In a landmark case, a French court convicted Equatorial Guinea’s vice president on Friday of using ill-gotten gains to purchase assets in France and ordered the confiscation of about US$ 132 million worth of his assets, including a US$ 117 million mansion in Paris.

 Teodoro “Teodorin” Nguema Obiang Mangue, the 48-year-old son of Equatorial Guinean President Teodoro Obiang, was found guilty in absentia of abuse of trust, money-laundering and embezzlement.

He was given three-year suspended prison sentence and fined 30 million euros ($34.89 million) for spending more than 1,000 times his official annual salary to purchase the Paris mansion, vintage wines, works of art, and luxury cars including a Bugatti Veyron, a Rolls-Royce Phantom and a Ferrari.

The upscale house included a hammam, a disco, a gym, and a hair salon.
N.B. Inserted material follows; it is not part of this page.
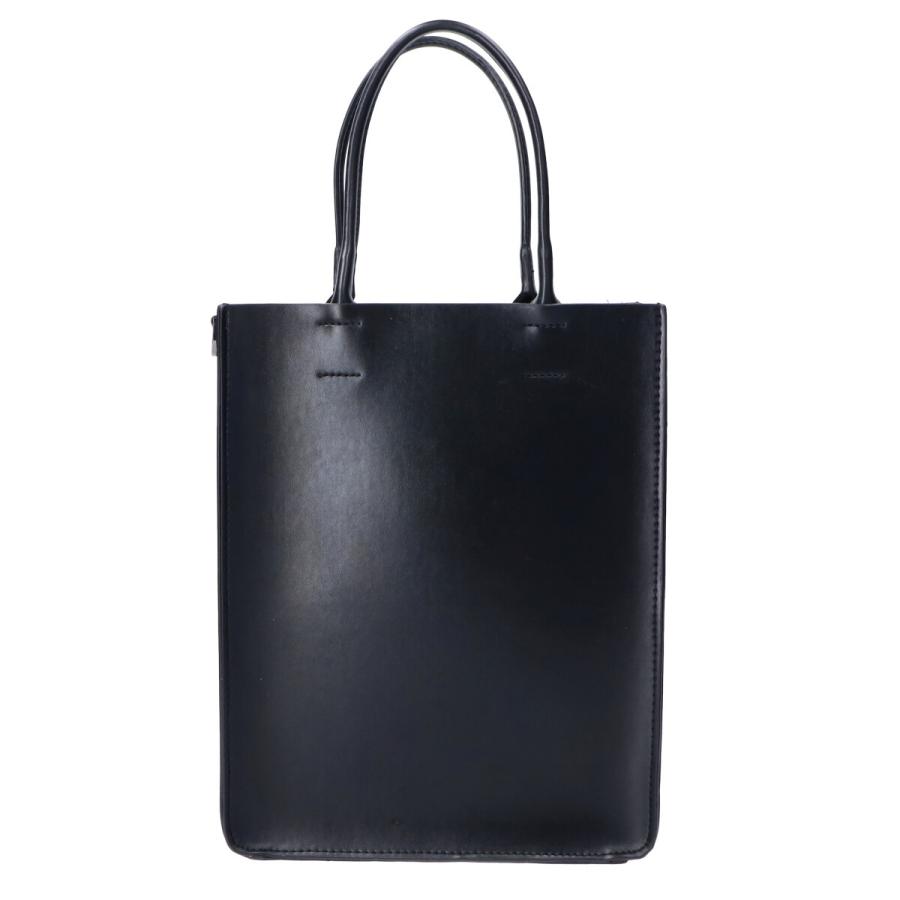 N°21 ヌメロヴェントゥーノ ロゴプリント 2WAYショルダー トートバッグ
The ruling “is the beginning of the end for this rule of impunity and immunity that these kleptocrats imagined was eternal,” said William Bourdon, a lawyer for advocacy groups Transparency International and Sherpa, The Telegraph reported.

An investigation was launched into Obiang's lavish lifestyle in 2012 after Transparency International and Sherpa filed a complaint against Obiang accusing him of having siphoned off more than $225 million of public money while he was agriculture and forestry minister.

Judge Benedicte de Perthuis criticized French bank Societe Generale and the Bank of France for allowing Obiang to seamlessly channel public money to French accounts.

According to Germany's public broadcaster Deutsche Welle, the judge said that "the attitude of Societe Generale, similar to that of the Bank of France, may have led (Obiang) to think for a long period of time that there was, in France, some kind of tolerance for these practices."

Obiang’s lawyer, Emmanuel Marsigny, said his client may appeal the decision.

The suspended sentence mean that Obiang will face prison and paying the fine only in the event he is convicted in France a second time on similar charges.

The mansion cannot be seized by French authorities until the International Court of Justice (ICJ) in The Hague confirms the court's order.

In December 2016, the ICJ ruled that the French court had jurisdiction to try Obiang, but that the mansion was a diplomatic mission of Equatorial Guinea.

Transparency International is calling for legal measures to return seized assets to their country of origin, instead of being contributed to France’s government coffers. Their proposal will be debated at the National Assembly in Paris on November 23rd.